Output the lines of the listing below exactly, starting at the line containing "Netecom Funny Raccoon" and stopping after the last line, with any pictures dropped.
Source material section start
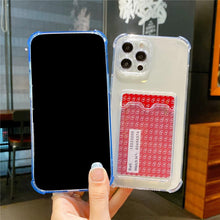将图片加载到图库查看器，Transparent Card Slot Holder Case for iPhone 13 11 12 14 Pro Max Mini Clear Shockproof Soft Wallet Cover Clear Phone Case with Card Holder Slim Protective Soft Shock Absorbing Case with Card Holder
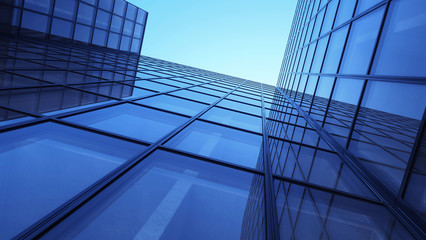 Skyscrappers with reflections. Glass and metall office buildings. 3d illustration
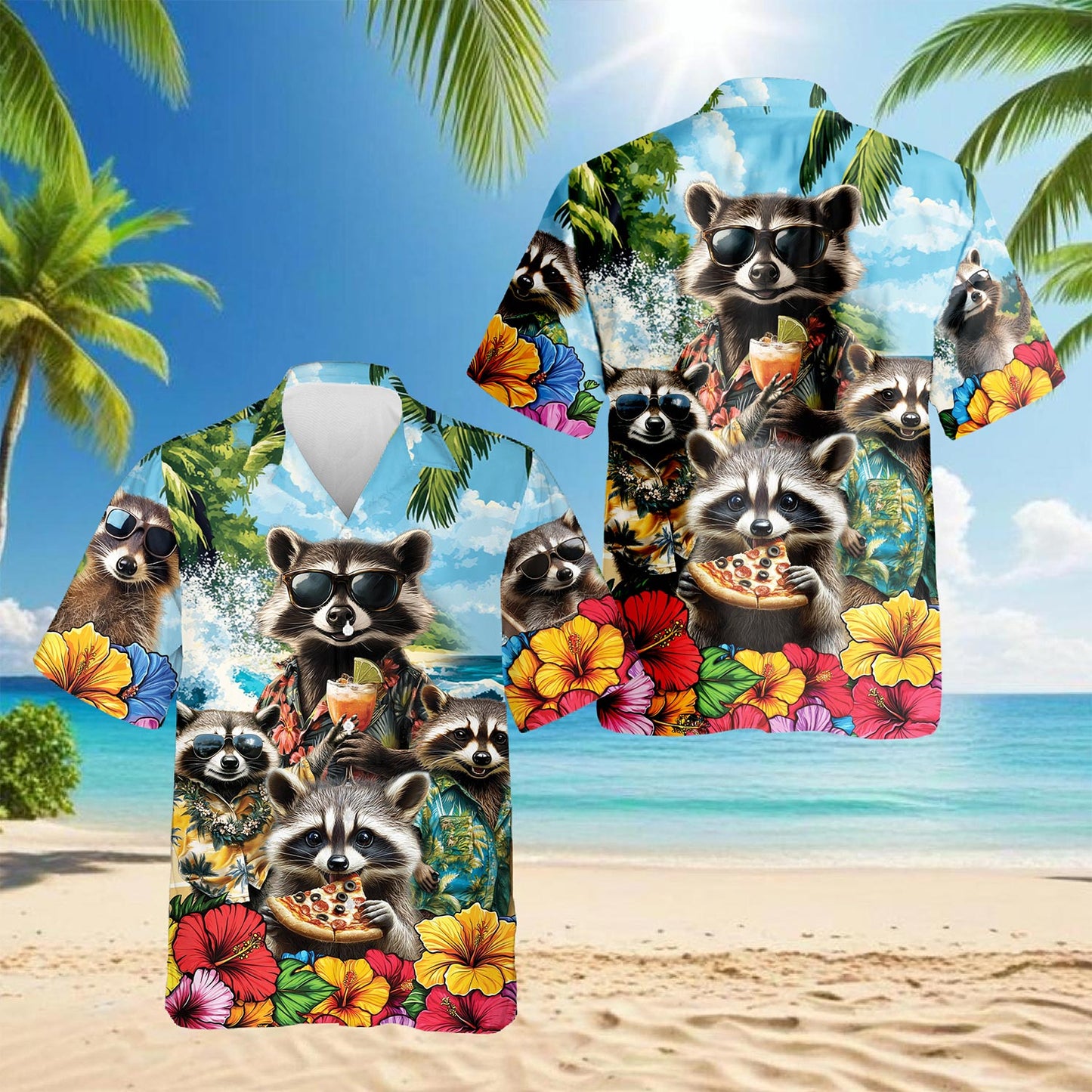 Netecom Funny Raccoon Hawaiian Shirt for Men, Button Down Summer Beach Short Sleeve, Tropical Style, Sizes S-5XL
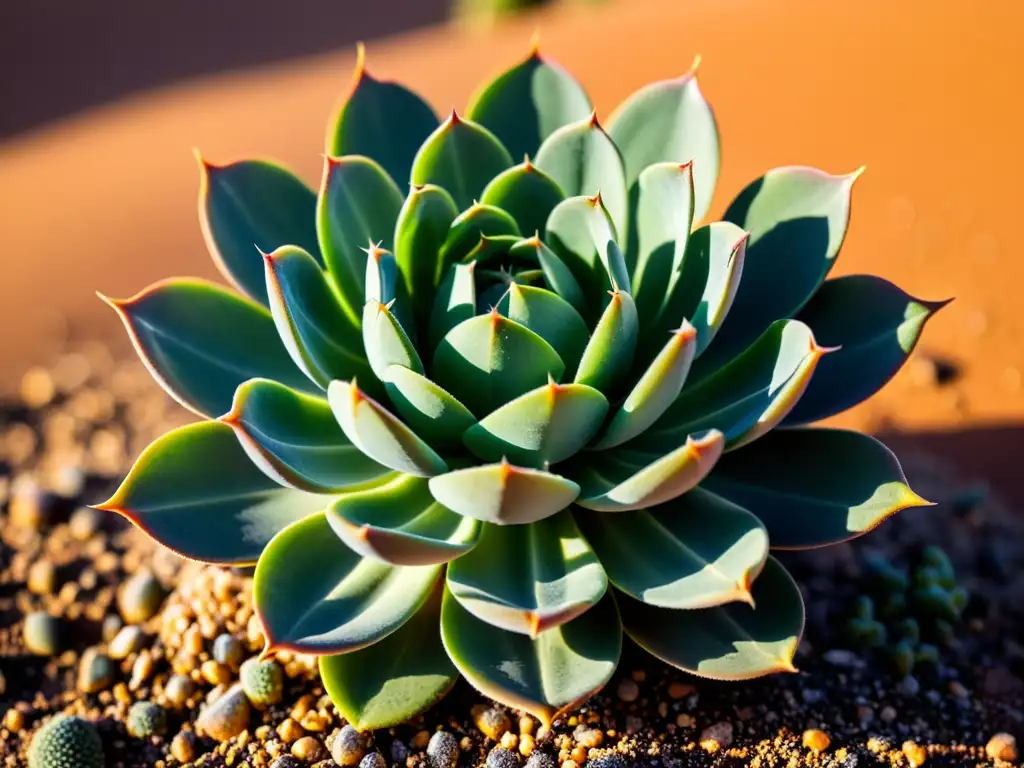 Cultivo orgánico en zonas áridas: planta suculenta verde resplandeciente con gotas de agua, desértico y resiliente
Source material section end
*Answer area:*
 Netecom Funny Raccoon Hawaiian Shirt for Men, Button Down Summer Beach Short Sleeve, Tropical Style, Sizes S-5XL
 Cultivo orgánico en zonas áridas: planta suculenta verde resplandeciente con gotas de agua, desértico y resiliente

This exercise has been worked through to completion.